What the exercise asks —
Your reply must contain the lines from the one with "Elastische Broek voor" through the last line of the material, exact and complete, with no pictures and no other text.

***

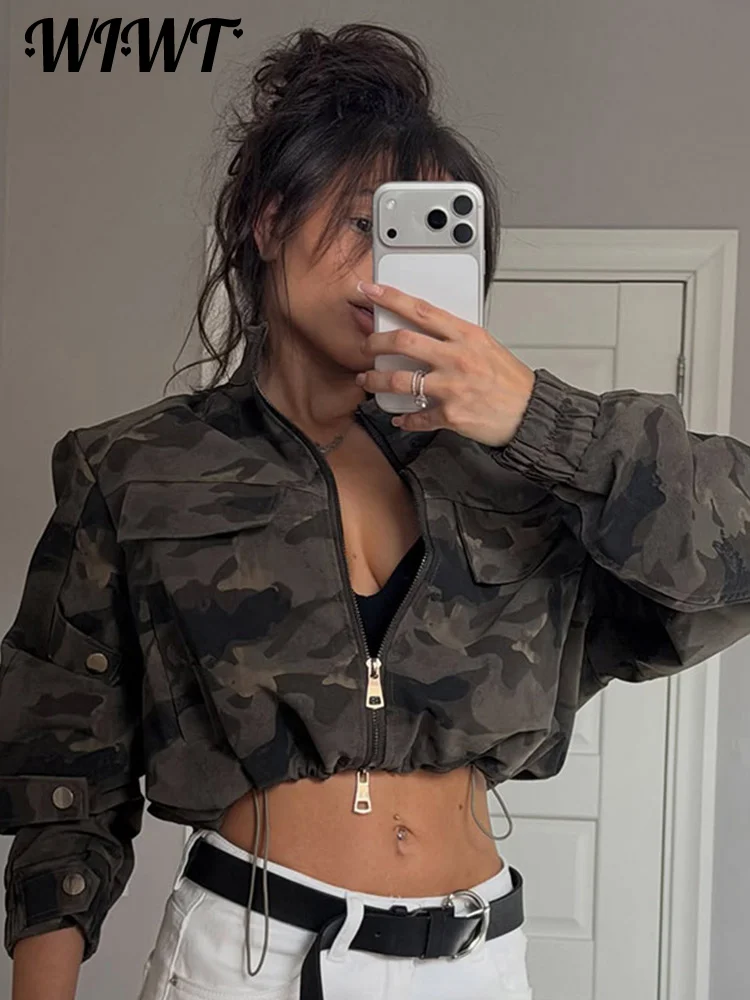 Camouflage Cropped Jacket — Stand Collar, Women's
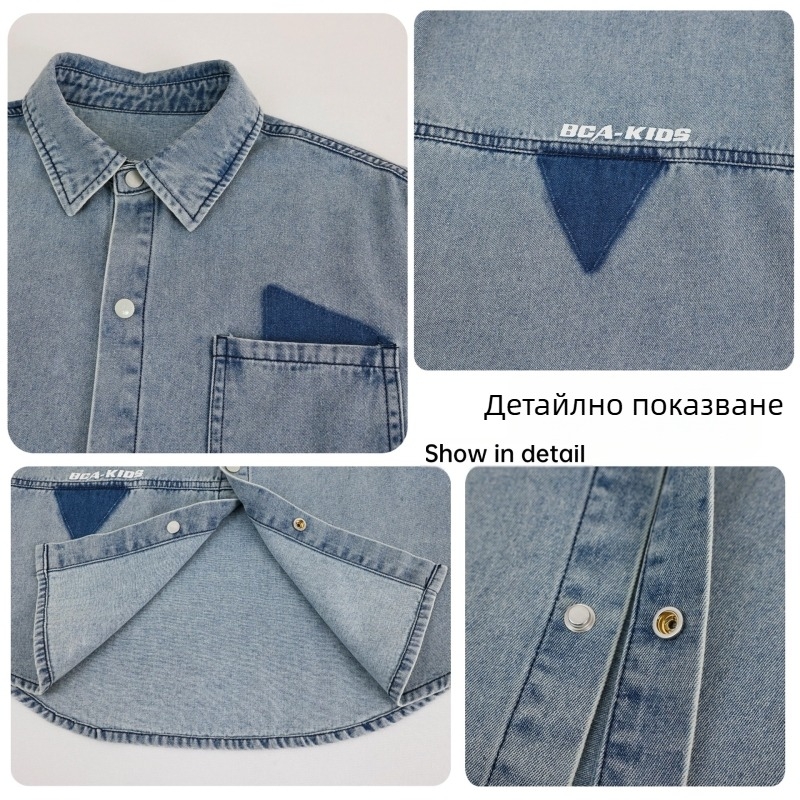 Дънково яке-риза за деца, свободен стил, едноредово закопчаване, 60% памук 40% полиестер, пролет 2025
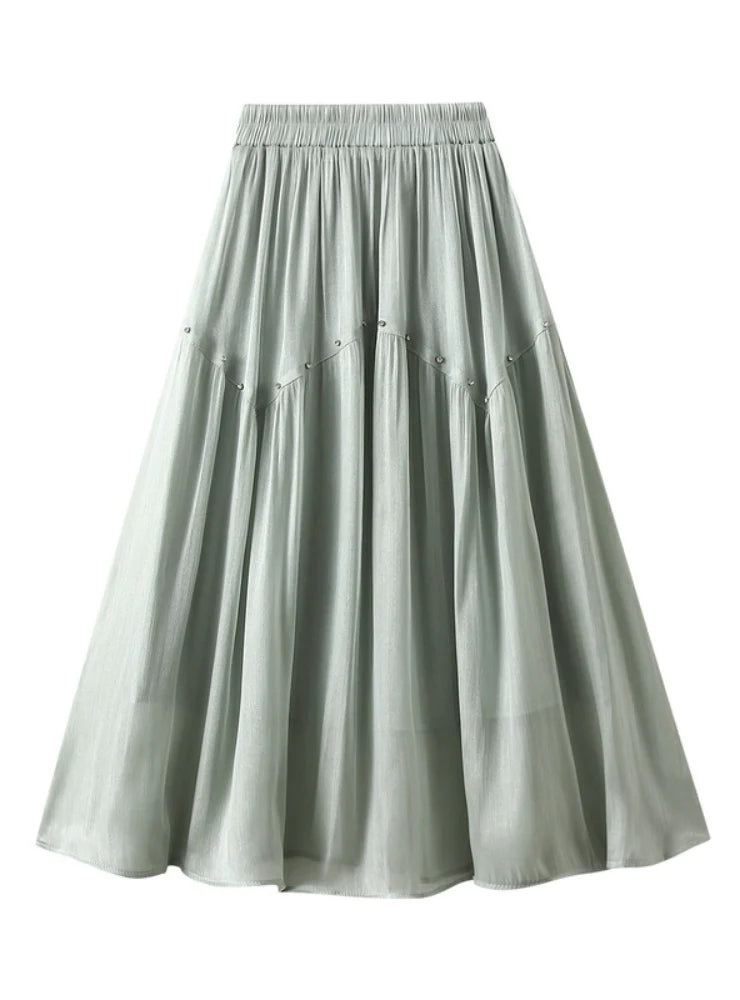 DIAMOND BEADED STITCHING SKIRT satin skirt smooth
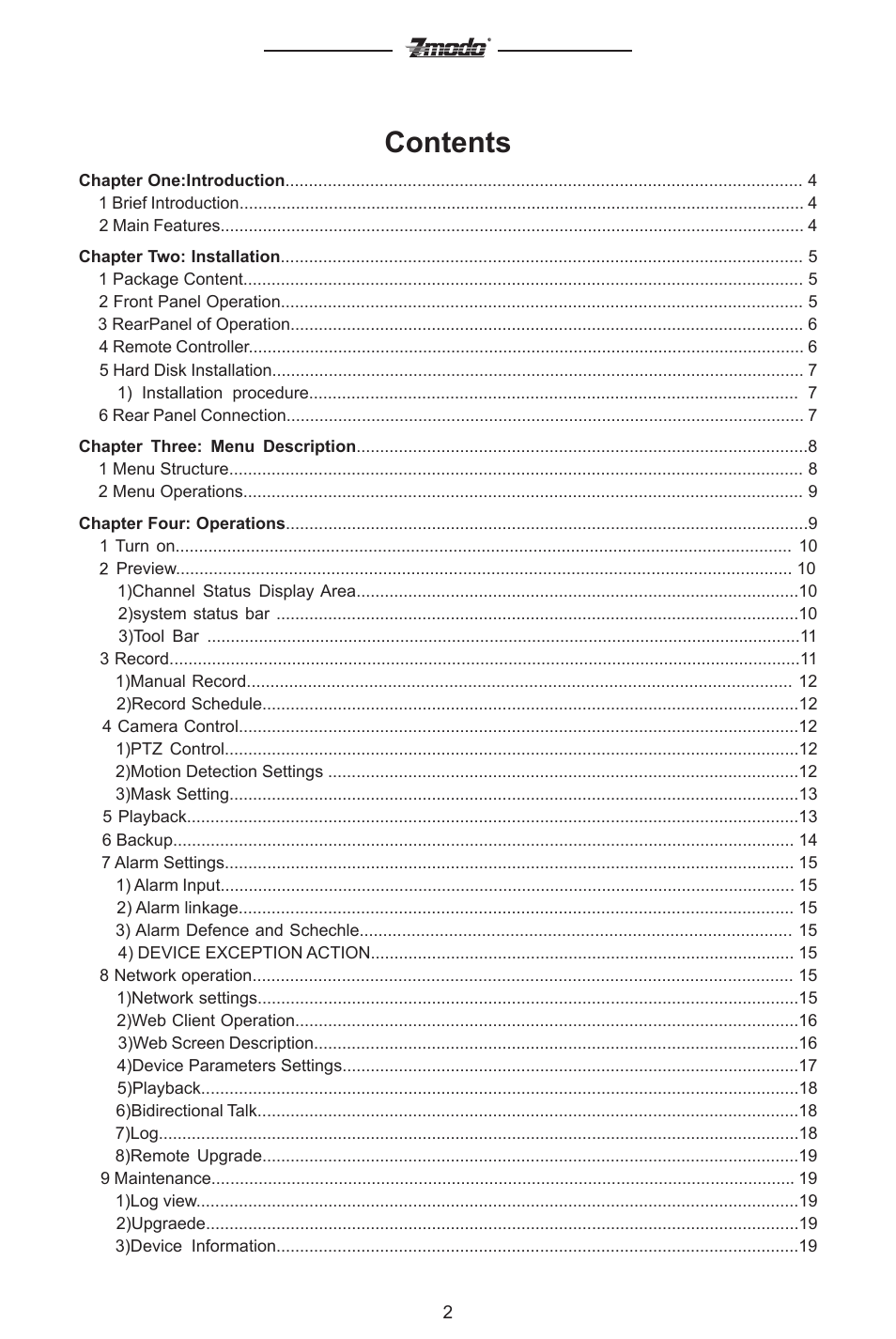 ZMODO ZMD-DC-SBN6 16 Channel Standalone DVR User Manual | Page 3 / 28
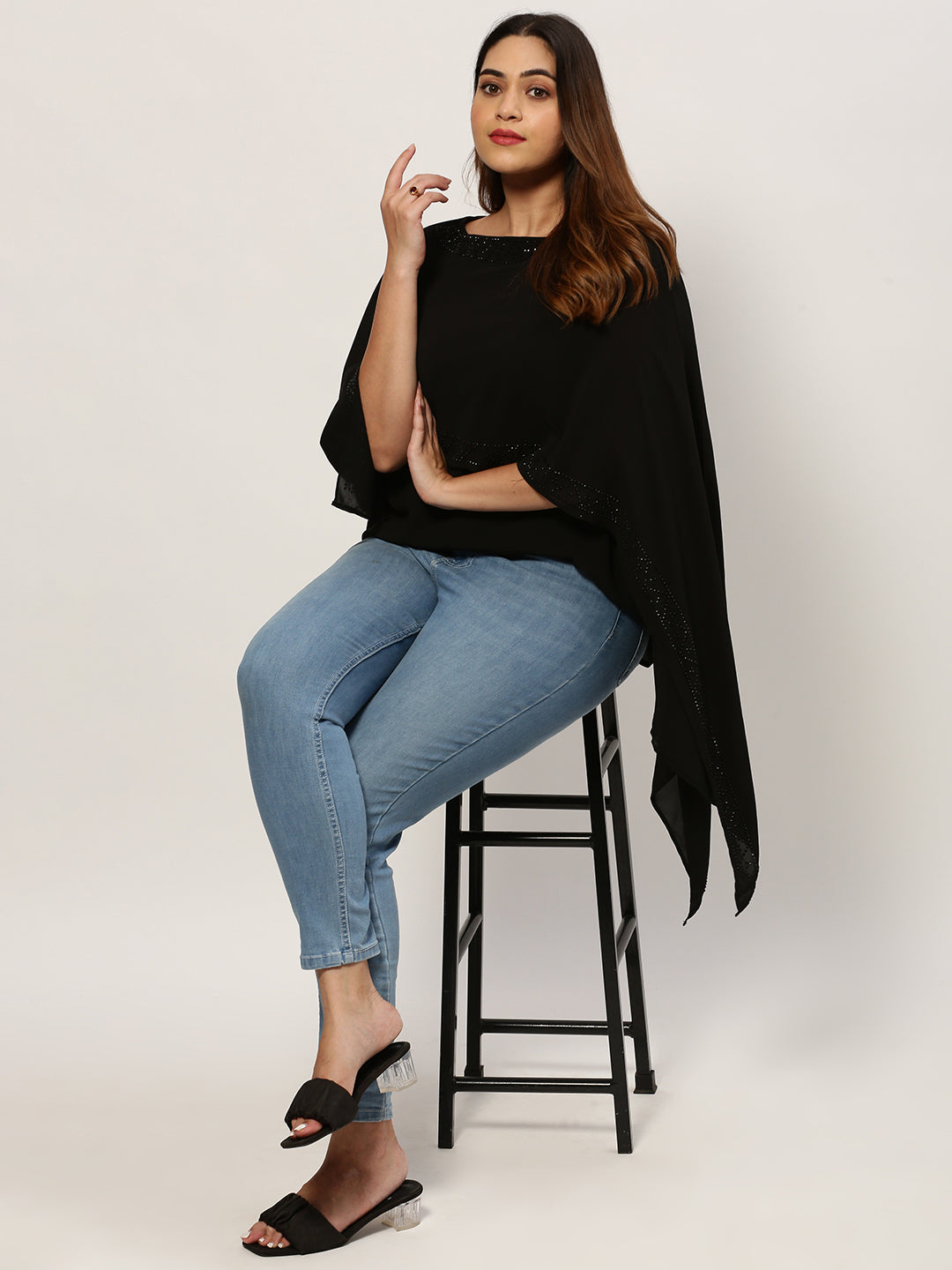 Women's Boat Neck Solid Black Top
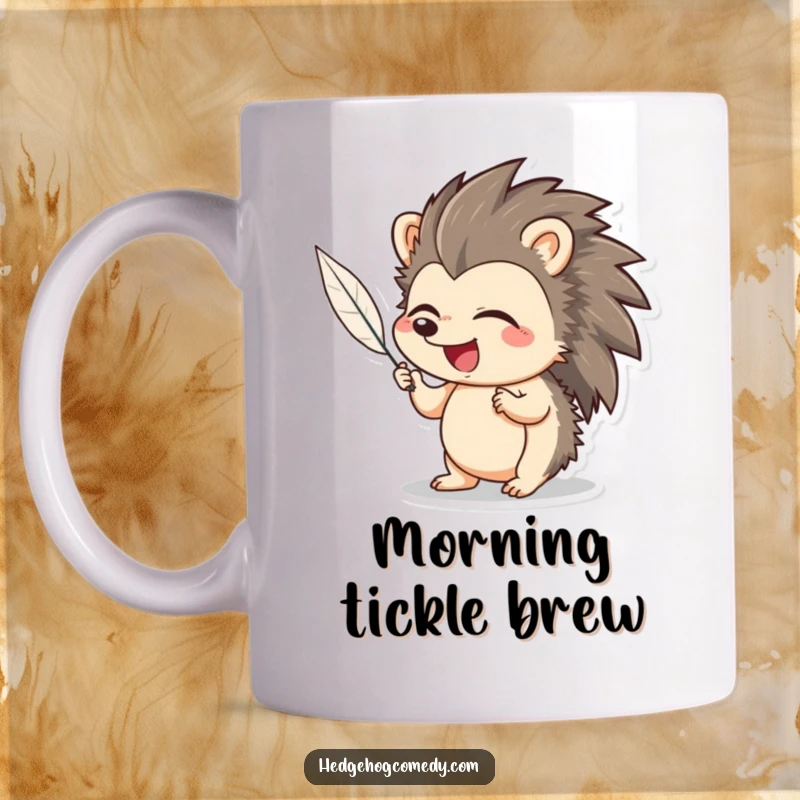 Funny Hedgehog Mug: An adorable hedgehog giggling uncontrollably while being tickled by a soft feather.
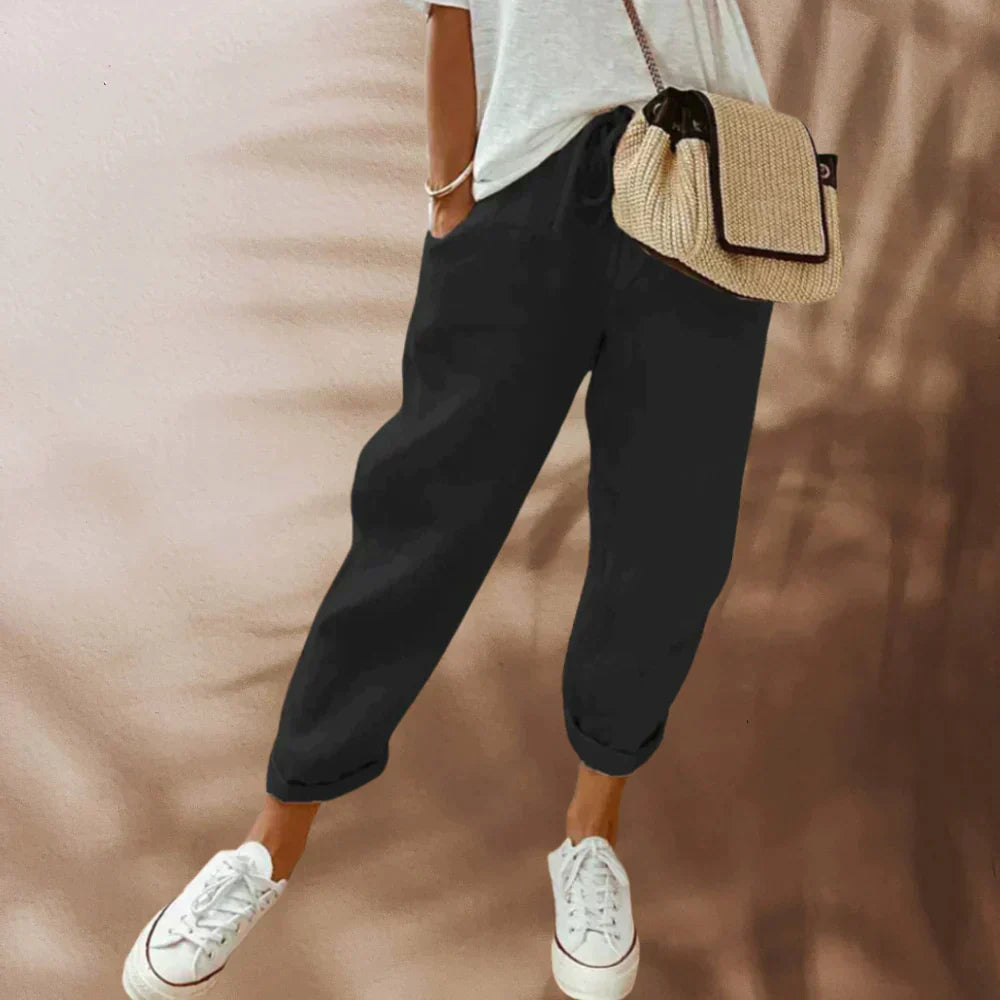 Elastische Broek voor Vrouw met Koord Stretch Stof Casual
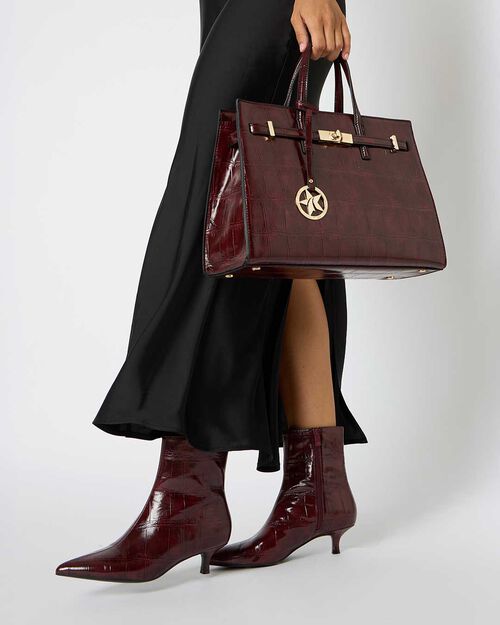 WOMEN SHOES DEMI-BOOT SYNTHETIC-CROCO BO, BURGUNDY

***

Result of the task —
 Elastische Broek voor Vrouw met Koord Stretch Stof Casual
 WOMEN SHOES DEMI-BOOT SYNTHETIC-CROCO BO, BURGUNDY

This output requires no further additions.